Russia lacks strength for first class war, Paris diplomats say

Belligerent blustering at peace conference covers up grave weaknesses at home
By Ludwell Denny, Scripps-Howard staff writer

At the Paris conference two questions are uppermost: Is Russia forcing a war? Is she strong enough now to fight a major war? The following dispatch is the first of a series on what these informed diplomats and their experts are saying among themselves.

PARIS – Russia’s belligerent blustering at the Paris conference and at the United Nations Security Council covers up grave weaknesses at home. She is not strong enough to fight a major offensive war successfully now or in the near future.

This is the judgment of representative American and European authorities here who have access to the best official reports on the subject.

They do not say there will be no war. They do not know. But the danger is sufficiently acute for them to investigate and evaluate Russia’s strength nest carefully. Their conclusion is that Russia is not adequately prepared to fight and know it but at the same time she continues to use provocative methods for aggressive ends which usually cause war.

Russia is in worse shape economically than is generally supposed. The devastation left to the war is still widespread, especially in White Russia and the Ukraine. Reconstruction and recovery is slow in all three basic elements for a war economy – agriculture, heavy industry and transportation.

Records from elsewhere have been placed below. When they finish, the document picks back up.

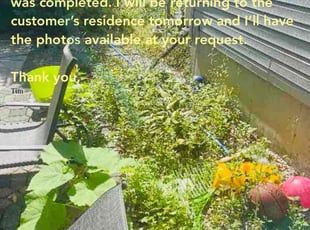 Natividad F.'s Flower Bed Weeding service result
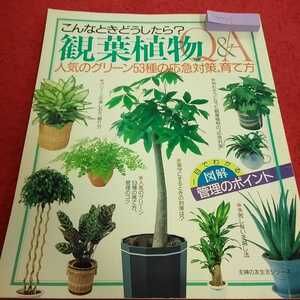 c-077 こんなときどうしたら？観葉植物Q&A 平成7年3月1日発行 人気のグリーン53種の応急対策、育て方 主婦の友社※13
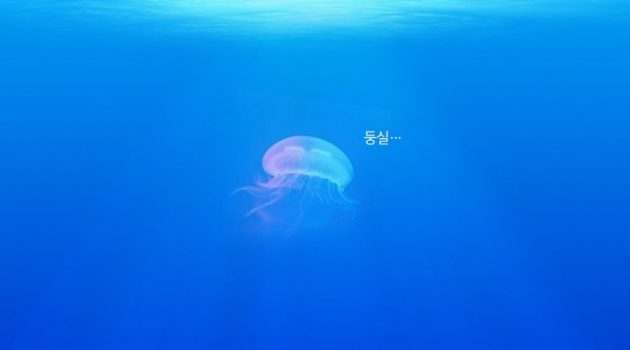 물고기가 영양가 없는 해파리를 잡아먹는 이유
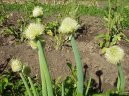 Cibule zimní - sečka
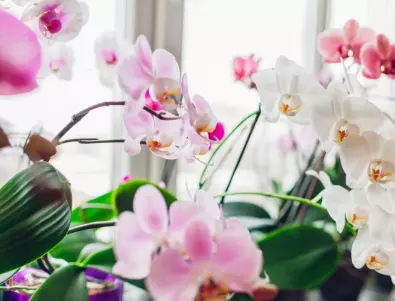 Идеалният разтвор за орхидеи за БУЕН цъфтеж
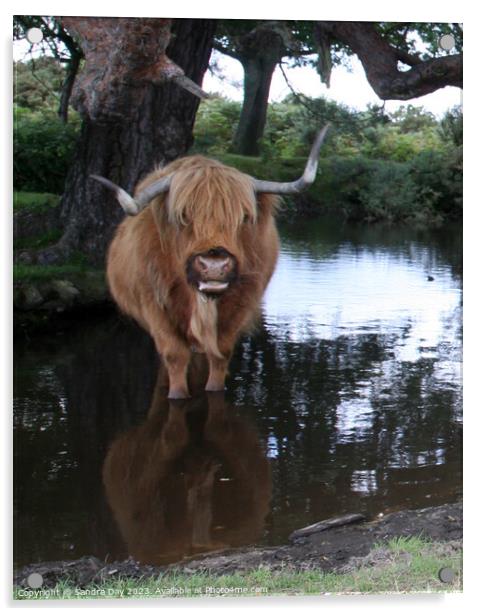 A brown cow standing in to a body of water Acrylic by Sandra Day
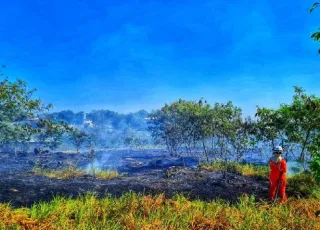 Onda de calor: alerta máximo para incêndios no Extremo Sul da Bahia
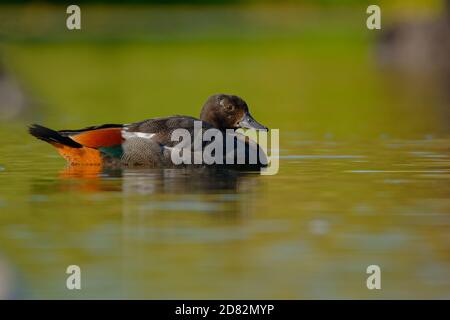 Paradise Shelduck - Tadorna variegata - Putangitangi im Wasser in Neuseeland, große Gänseente endemisch in Neuseeland, Vogel Shelduck Teil Stockfoto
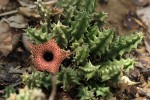 Huernia hislopii subsp. hislopii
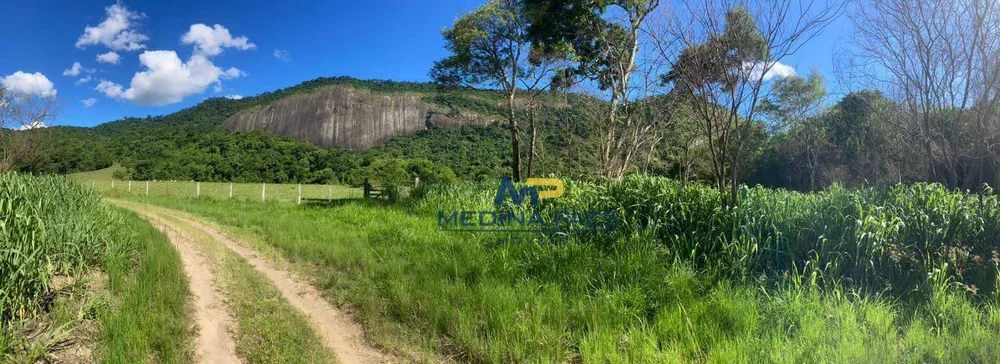 Fazenda, 24 hectares - Foto 30
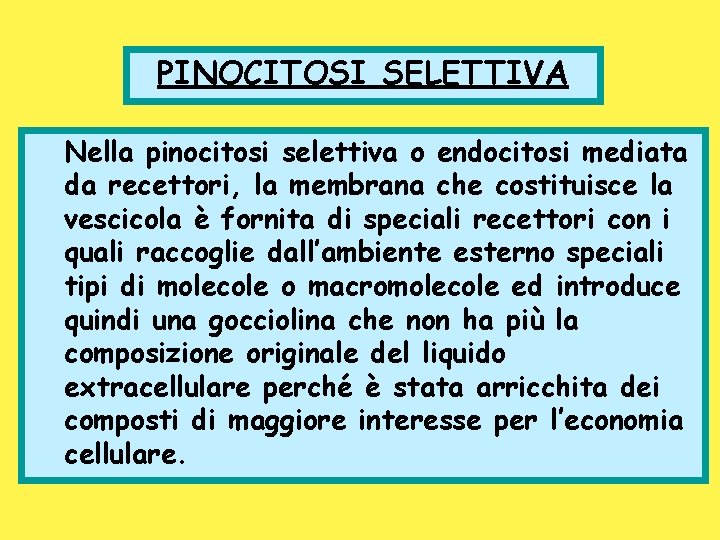 PINOCITOSI SELETTIVA Nella pinocitosi selettiva o endocitosi mediata da recettori, la membrana che costituisce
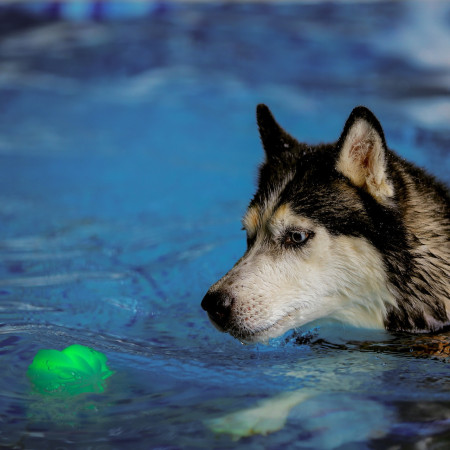 Juguete para perro Nite Ize GlowStreak Wild LED Ball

The government promised an end to the unpopular bread rationing by July. Then the date was postponed until October. Recently Moscow announced it would be continued through next year. The failure of the Ukraine crops from drought was one cause. No government tantalizes its people with unfilled promises of lifting rationing for fun. The political consequences are too risky.

Nevertheless, the food shortage is not as extreme as some exaggerated reports have indicated. Good crops in some other regions partly have offset the western losses. So, net, the harvest is believed to be fair. But the point is that the reserves are low and the harvest is reported to be insufficient to build up the essential supplies.

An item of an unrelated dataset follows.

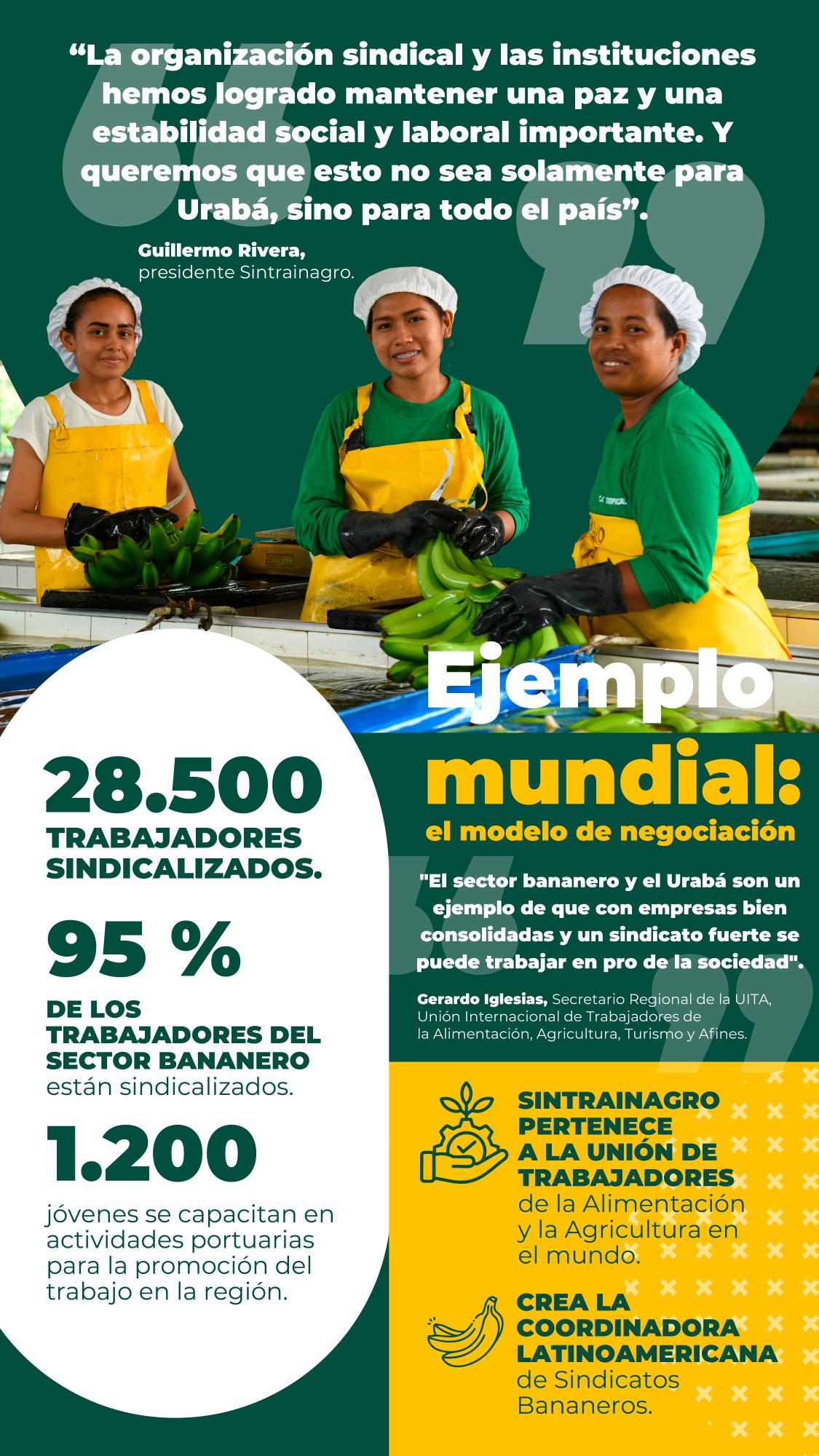 Sector bananero genera empleo digno en Urabá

War requires reserves of food

Those reserves are required by Moscow for two purposes: One is for relief next spring in the satellite countries after UNRRA withdraws food is essential as a Soviet political weapon in her sphere of influence. Second, for storage to bulk up a war reserve.

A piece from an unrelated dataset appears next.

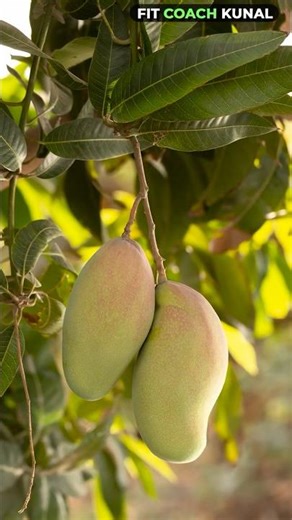 STOP Eating Mango Like This! ⚠️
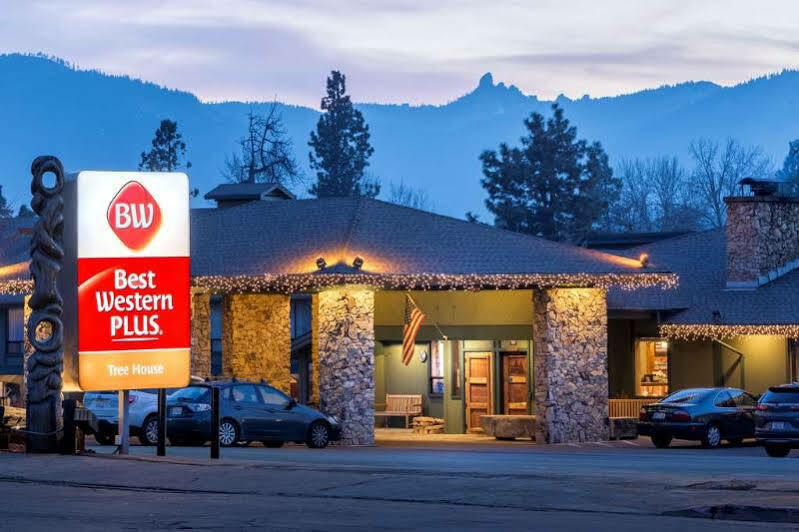 Hotel Best Western Plus Tree House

This shortage of food reserves is said to explain in part Moscow’s policy of keeping large occupation armies in other countries, where they can live off the land. More red troops are stationed in Eastern Germany and Austria than are required for immediate military purposes. Their training, reorganization and reindoctrination, so important to Moscow, could be carried out better inside Russia. Moreover, their continued presence in such excessive numbers is a political liability to the German and Austrian Communist parties which are trying to win over the natives.

But Russian home conditions being what they are, the Kremlin cannot afford to feed those Red Armies so long as they can find their own food abroad.

Slow industrial recovery is admitted officially by Moscow. Since June the Ministry for State Control has been purging many factory managers and others, charging them with inefficiency and corruption. The current five-year plan announced by Premier Josef Stalin last February to triple pre-war production has been running up against additional troubles other than national fatigue after the long, heroic effort and the shortage of industrial technicians.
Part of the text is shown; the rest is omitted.